• Your objective
Using the data that follows, return exactly the lines from the one that contains "Mass Spec of" through the one that contains "IL1RA Antibody in Western Blot (WB)", ends included.

• Input data
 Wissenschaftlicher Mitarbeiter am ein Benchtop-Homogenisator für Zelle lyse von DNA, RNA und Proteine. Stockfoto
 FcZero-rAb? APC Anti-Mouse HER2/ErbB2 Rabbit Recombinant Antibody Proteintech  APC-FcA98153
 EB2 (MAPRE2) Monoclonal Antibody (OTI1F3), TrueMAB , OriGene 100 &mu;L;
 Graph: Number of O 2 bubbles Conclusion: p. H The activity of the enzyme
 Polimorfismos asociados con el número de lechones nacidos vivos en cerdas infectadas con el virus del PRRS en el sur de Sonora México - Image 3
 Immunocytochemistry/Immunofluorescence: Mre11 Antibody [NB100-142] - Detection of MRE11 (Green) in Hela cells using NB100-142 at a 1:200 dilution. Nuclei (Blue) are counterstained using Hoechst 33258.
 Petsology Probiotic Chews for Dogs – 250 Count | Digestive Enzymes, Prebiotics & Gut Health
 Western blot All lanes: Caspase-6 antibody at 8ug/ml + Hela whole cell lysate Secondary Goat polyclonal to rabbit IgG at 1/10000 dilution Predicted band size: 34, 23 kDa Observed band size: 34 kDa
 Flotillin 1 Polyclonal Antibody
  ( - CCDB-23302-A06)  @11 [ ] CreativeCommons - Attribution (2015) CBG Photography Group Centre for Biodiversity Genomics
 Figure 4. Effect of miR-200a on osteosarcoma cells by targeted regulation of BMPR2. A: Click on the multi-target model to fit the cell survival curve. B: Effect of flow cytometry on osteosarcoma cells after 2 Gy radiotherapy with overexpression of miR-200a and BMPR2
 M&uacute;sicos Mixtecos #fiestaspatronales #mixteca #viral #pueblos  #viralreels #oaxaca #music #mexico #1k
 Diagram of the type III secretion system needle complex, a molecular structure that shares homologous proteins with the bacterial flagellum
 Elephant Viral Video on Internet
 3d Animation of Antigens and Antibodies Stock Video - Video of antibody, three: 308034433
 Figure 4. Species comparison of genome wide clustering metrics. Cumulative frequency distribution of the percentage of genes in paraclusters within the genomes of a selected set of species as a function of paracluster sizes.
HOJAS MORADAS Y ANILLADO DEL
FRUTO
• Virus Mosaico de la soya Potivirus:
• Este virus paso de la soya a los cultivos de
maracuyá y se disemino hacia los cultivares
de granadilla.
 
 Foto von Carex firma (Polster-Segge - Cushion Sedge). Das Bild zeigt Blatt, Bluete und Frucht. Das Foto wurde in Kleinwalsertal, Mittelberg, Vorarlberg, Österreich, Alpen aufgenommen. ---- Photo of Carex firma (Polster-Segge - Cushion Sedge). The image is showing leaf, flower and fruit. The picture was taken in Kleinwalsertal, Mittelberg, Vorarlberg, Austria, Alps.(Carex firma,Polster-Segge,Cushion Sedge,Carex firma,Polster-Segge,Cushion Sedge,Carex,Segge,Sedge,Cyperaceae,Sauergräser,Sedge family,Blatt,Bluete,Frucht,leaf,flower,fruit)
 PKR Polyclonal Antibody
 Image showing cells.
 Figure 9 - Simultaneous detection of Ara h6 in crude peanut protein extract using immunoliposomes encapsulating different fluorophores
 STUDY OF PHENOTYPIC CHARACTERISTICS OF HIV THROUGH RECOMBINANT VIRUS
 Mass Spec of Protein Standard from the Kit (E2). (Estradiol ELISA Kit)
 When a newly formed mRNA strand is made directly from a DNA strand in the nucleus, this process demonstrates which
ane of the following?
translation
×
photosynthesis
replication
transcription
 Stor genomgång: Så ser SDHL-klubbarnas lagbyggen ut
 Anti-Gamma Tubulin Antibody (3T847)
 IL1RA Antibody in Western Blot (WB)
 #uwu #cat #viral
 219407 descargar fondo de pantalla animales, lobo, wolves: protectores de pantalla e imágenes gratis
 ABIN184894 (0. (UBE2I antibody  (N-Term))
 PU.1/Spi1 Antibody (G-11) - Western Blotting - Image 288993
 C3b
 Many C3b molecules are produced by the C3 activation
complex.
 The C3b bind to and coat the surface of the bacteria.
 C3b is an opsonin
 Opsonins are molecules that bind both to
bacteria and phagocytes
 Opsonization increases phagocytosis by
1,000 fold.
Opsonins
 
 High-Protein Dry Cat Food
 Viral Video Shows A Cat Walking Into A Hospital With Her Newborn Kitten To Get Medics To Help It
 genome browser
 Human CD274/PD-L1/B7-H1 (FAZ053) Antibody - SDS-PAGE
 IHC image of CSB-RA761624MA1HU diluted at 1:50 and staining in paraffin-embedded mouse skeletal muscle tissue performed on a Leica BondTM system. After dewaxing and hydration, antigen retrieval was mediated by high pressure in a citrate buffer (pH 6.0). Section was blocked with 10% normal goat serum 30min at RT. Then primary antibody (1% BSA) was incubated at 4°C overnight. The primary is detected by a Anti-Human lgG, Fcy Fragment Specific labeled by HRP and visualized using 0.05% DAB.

• Result
 Mass Spec of Protein Standard from the Kit (E2). (Estradiol ELISA Kit)
 When a newly formed mRNA strand is made directly from a DNA strand in the nucleus, this process demonstrates which
ane of the following?
translation
×
photosynthesis
replication
transcription
 Stor genomgång: Så ser SDHL-klubbarnas lagbyggen ut
 Anti-Gamma Tubulin Antibody (3T847)
 IL1RA Antibody in Western Blot (WB)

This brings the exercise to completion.